Psychosocial challenges to such parents should be acknowledged. It's not easy breastfeeding under ideal conditions; after cancer treatment, it is often quite challenging and this sub-group of Moms need special attention from their health care team.

A partial mastectomy means removing only a portion of the breast tissue. Still, as with any breast surgery that reduces tissue and cuts into the parenchyma are made, damage to nerves crucial to the milk ejection reflex may have been done.

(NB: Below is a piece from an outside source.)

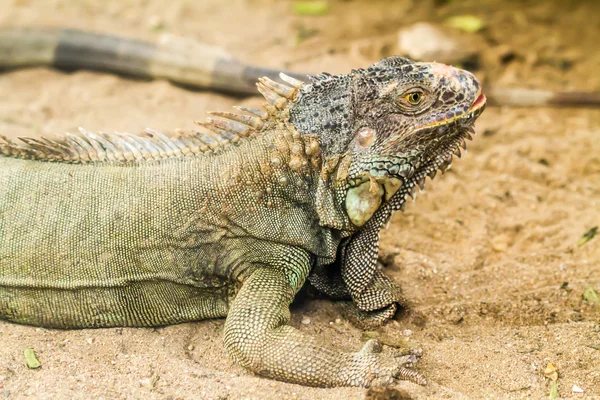 Lagarto iguana parado en el suelo —  Fotos de Stock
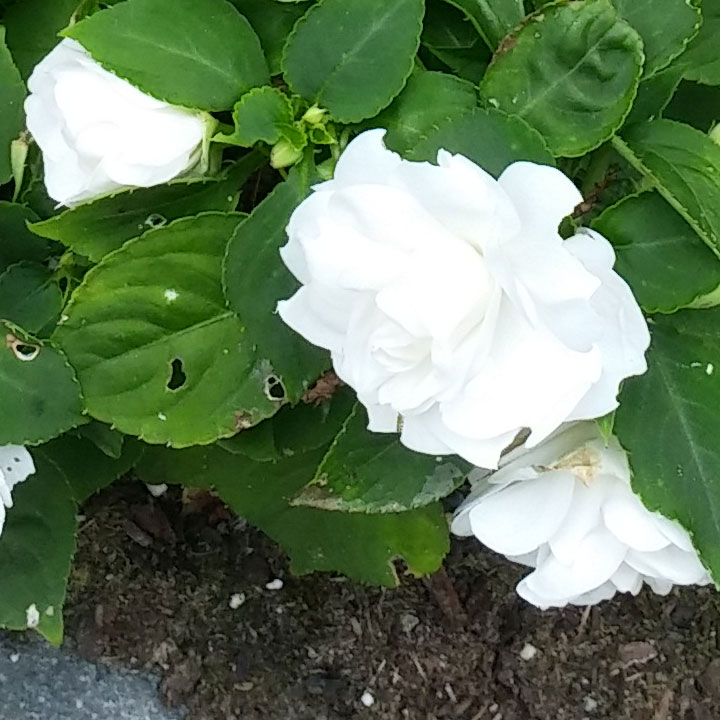 White Impatiens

Breastfeeding Cannot Cause Cancer

Breastfeeding cannot cause the breast cancer to "come back" or to begin in the first place. Breastfeeding is a healthy, natural activity that our bodies are made to perform.

If you can breastfeed after cancer treatment, know that it cannot possibly adversely affect your cancer status. Nor is it the case that your milk is somehow tainted. Of course, be sure none of the drugs you are taking are contraindicated for breastfeeding. If you;'re not sure, carefully go over your list of prescriptions with your baby's doctor.

Cancer Treatment Provides Unique Challenges

Some cancer medications might be contraindicated for breastfeeding. In such situations that a patient is continuing to receive treatment after the baby is born, breastfeeding is not an option. It's more important to treat your cancer than breastfeed. Other medications or therapies used in the treatment of cancer may decrease milk production as well.

A Lumpectomy May Scar, But That's It

A surgical biopsy, or "lumpectomy," as it's often called, removes breast tissue for lab assessment. And, it's a common procedure. Of course, such a procedures essentially rips a piece of the breast out and often leaves a scar where it was done. You would expect as much! Even so, biopsies will not affect milk volume, nor will any other issues be created or risks increased. Considering the total mass of breast tissue, what's removed is insignificant.